------ Material provided ------

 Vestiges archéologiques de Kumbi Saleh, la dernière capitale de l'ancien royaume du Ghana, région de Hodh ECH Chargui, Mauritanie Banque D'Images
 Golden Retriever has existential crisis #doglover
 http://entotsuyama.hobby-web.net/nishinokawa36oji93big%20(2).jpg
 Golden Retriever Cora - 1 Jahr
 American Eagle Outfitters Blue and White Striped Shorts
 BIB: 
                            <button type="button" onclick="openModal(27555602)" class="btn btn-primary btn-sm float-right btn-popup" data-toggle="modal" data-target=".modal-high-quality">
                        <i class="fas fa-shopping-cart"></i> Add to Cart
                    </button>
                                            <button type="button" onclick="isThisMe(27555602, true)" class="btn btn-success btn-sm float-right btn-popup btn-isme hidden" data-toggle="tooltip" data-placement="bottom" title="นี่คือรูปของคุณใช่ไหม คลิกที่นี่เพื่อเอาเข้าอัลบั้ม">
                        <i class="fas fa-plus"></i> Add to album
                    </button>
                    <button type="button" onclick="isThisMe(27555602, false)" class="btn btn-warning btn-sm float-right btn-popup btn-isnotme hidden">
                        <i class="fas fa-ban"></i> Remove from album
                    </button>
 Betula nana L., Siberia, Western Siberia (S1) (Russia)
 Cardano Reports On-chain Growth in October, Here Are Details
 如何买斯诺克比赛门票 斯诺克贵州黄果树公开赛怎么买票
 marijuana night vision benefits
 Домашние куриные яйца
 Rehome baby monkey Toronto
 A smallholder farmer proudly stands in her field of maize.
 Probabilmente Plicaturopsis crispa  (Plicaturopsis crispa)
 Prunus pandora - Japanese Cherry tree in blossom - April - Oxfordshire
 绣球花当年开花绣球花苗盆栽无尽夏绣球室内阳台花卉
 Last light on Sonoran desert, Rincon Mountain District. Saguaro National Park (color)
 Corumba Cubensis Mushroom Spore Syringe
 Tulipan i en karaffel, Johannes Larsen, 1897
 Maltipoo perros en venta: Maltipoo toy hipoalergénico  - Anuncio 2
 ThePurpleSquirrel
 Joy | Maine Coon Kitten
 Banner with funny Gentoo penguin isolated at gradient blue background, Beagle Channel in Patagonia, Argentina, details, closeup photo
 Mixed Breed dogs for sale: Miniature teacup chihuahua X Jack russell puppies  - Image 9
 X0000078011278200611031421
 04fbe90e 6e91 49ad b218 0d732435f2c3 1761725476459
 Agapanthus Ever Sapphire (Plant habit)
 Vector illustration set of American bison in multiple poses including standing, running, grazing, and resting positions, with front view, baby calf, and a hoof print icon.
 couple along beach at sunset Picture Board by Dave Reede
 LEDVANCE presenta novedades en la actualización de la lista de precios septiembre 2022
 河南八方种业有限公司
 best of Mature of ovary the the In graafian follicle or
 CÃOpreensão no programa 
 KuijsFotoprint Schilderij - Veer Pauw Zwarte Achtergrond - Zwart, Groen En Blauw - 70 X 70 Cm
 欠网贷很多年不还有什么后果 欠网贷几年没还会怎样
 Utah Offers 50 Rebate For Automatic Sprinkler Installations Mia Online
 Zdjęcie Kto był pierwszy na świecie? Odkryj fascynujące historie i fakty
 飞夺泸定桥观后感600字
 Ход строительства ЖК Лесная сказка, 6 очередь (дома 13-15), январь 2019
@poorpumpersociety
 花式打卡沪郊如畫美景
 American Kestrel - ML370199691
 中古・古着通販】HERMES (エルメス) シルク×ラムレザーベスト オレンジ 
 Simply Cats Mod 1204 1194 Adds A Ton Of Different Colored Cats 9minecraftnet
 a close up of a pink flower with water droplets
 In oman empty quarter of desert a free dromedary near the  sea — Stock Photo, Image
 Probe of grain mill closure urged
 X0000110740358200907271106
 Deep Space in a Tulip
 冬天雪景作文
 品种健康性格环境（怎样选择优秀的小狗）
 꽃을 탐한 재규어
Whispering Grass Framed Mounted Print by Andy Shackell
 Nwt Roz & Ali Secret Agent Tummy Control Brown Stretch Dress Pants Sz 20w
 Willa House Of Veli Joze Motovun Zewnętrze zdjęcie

------

What the task asks: Please give an exact copy of the entries above, from the line with "Agapanthus Ever Sapphire (Plant habit)" down to the line with "CÃOpreensão no programa", inclusive, and nothing else.

Reply:
 Agapanthus Ever Sapphire (Plant habit)
 Vector illustration set of American bison in multiple poses including standing, running, grazing, and resting positions, with front view, baby calf, and a hoof print icon.
 couple along beach at sunset Picture Board by Dave Reede
 LEDVANCE presenta novedades en la actualización de la lista de precios septiembre 2022
 河南八方种业有限公司
 best of Mature of ovary the the In graafian follicle or
 CÃOpreensão no programa 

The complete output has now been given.